帳簿上の債務超過はインフレを起こさない

――本に書かれている「通貨発行益」は、いまひとつ一般人にはわかりにくいと思います。お金をたくさん印刷して発行しても、国民にはなんらデメリットはないということでしょうか。

森永氏 自分が権力者だったとすると、紙切れに「1万円」と書いたら、それだけの価値の紙幣として使えるわけですよ。ということは、発行者に「1万円」の利益が転がり込んでいるということになります。これは大昔から行われています。貨幣の歴史とともに、「通貨発行権」が使われているんですね。世界中でどの時代でもみんな使っています。

――やりすぎると猛烈なインフレがくる?

森永氏 そうです。問題は、どこまでなら大丈夫かっていうところ。安倍政権が残した最大の成果というのは、2020年度に1年間で80兆円財政赤字を出したこと。それでも、なんともなかったんですよ。たぶん80兆円くらい毎年赤字を出しても大丈夫ということです。

 国が大量に国債を発行して、中央銀行が引き受ける。金利が上がると債務超過になる。債務超過になったら、その瞬間、誰もその国を信用しなくなり、経済が壊滅するといわれていました。

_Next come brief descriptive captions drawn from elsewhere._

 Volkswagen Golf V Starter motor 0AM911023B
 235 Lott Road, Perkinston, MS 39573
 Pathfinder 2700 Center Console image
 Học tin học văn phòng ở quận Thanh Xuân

 だけど去年、オーストラリアの中央銀行が債務超過になったけど、何も起こらなかった。最近、アメリカの中央銀行が債務超過になった。でも何も起こってない。だから、真っ赤なウソだったというのがわかったんです。

――これまでの学説とは、何が違っていたのでしょうか。

森永氏 債務超過に陥った瞬間に信用を失うといわれていました。でも、誰も中央銀行が債権超過かなんて気にしていなかったんです。

――デフォルトになっているのとは違うのでしょうか。帳簿上は債務超過に陥っているものの、支払いは続けるということですか。

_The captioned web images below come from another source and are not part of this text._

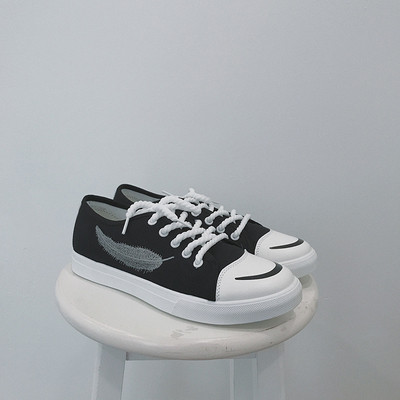 Ежедневни мъжки кецове в три цвята с бродерия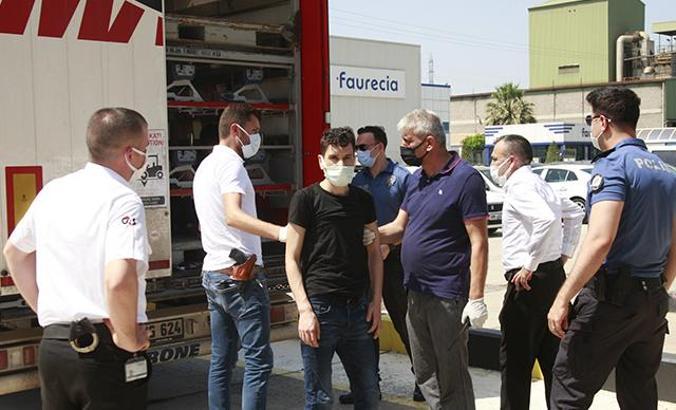 Sürücü ihbar etti, TIR'ın dorsesindeki 2 kaçak göçmen yakalandı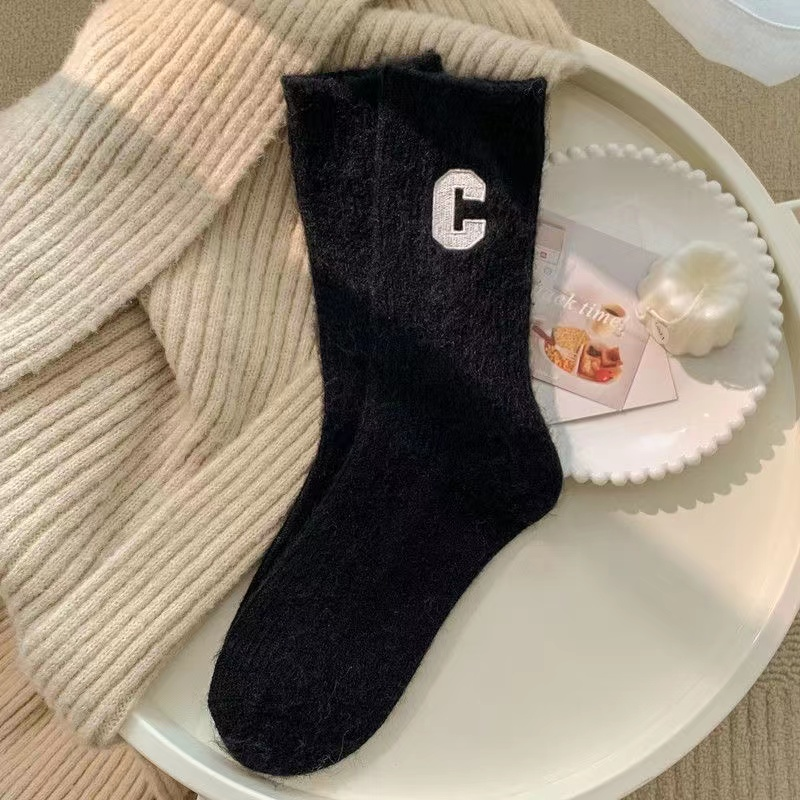 Light Luxury Casual Trend Bacta Unisex Letters Sweatproof Anti-sniffing Anti-friction Autumn and Winter Thickened Cotton Socks_voghion.com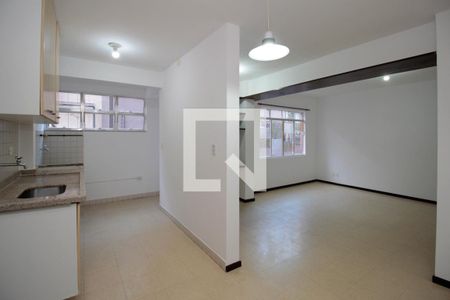 Apartamento à venda com 64m², 1 quarto e 1 vagaCozinha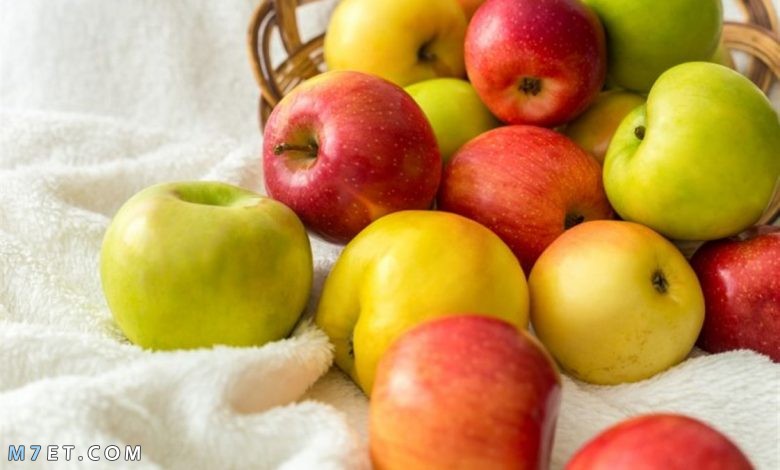 هل اكل التفاح في الليل يزيد الوزن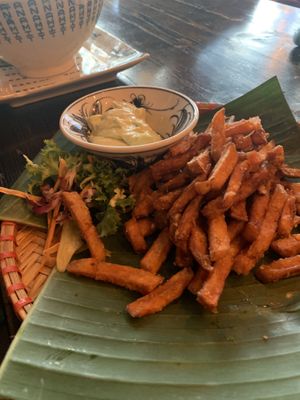 Süßkartoffelpommes  at Anamit in Dresden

森永氏 はい。一般の民間銀行はダメですよ。債務超過になると、自己資本比率規制があるから業務はできなくなるけれど、中央銀行は全然問題にならないということがわかったんです。

――1990年代後半のアジア通貨危機はどうでしょうか。

森永氏 あれは海外から大量の借金をしていた国で起きたことです。海外の投資資金というのは、(高利貸しの)街金みたいな感じなんですよ。あるいは闇金に近いような存在。だからヤクザみたいなところから金借りてはダメということ。日本の場合は自国通貨で借金しているので、それとは違って、まったく問題ないんです。

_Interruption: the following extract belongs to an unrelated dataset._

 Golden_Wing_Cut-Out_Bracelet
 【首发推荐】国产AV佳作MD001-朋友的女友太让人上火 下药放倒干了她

――海外から高利で借りている場合、返せなくなると資本を引き上げられておかしくなるということでしょうか。

森永氏 そう。日本にはそんなものはない。国債にしても、外資が何度も日本を破綻させようとして、日本の国債を売りにいったけれど、すべて失敗して、みんな尻尾を巻いて帰っていきました。

 日銀が通貨発行権を握っているので、日銀が買ってしまえば暴落なんてしようがなかった。そんな当たり前の仕組みをわかっていなかったということなんです。